Oil is hardly ever produced as pure liquid. Normally it comes as a mixture with natural gas and gas condensate. Although I only consider companies here, that mainly lift oil, they also produce significant amounts of gas. Hence, it does not make much sense to apply costs to the production of oil alone. To deal with this issue the concept of barrel oil equivalent - boe - has been perceived. 6000 cubic feet of gas at standard conditions are about one boe. All costs mentioned below refer to one boe, meaning that are the costs related to the production of 1 bbl of oil, 6000 scf of natural gas or a combination of both. Let's say the price for 1 barrel of oil is around $100 and the price for 1000 scf of gas is about $6. This means, revenue from 1 boe of oil is higher than revenue for 1 boe of gas ($100 versus $36). As there are also fields that only produce gas, this article tends to underestimate the costs of oil production.
Commonly, costs are divided in costs that can directly be related to production (cost of sales) and costs that cannot directly be related to output (overhead).

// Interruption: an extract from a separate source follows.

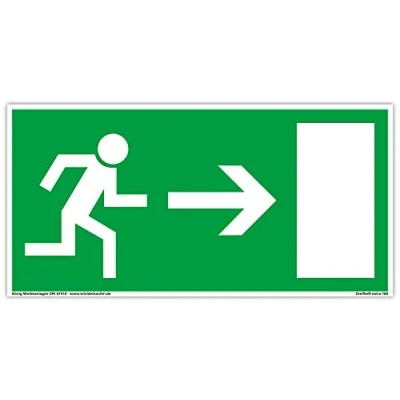 Abbildung von Schild Notausgang extra langnachleuchtend PVC selbstklebend 297x148mm gemäß BGV 8A DIN 67510 Notausgangsschild Pfeil rechts Fluchtwegschild Rettungsweg Dreifke® 160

However, many oil companies are also active in downstream and midstream or other economic sectors (e.g. Exxon Mobil in chemical engineering). Hence, I have divided sales, general and administration expenses (SG&A) by total revenues and multiplied it with the revenue of the E&P division to get SG&A for E&P. I did the same for any similar type of cost (marketing expenses, R&D) and for financial expenses. Depreciation of assets, on the other hand, can be directly linked to oil production.
Costs of sales are divided into 3 sub-categories:
- Exploration costs
- Lifting costs
- Non-income related taxes
Exploration costs are costs related to all attempts to find hydrocarbons. This category includes cost for geological surveys and scientific studies as well as drilling costs.

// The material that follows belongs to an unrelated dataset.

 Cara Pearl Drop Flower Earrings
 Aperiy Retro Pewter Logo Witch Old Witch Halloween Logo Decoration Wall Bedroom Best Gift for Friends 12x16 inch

Lifting costs are the costs associated with the operation of oil and gas wells to bring hydrocarbons to the surface after wells (facilities necessary for the production of oil) have been drilled. This figure includes labor costs, electricity costs and maintenance costs.
Non-income related taxes: as production of hydrocarbons is such a lucrative business, governments also want to have their shares. There exists an abundance of different model how the state can profit from hydrocarbon production (profit sharing, royalties, etc.).
It might be, that different companies use different categories for the same type of expenses, but eventually the sum of all costs should be their total cost for producing 1 boe.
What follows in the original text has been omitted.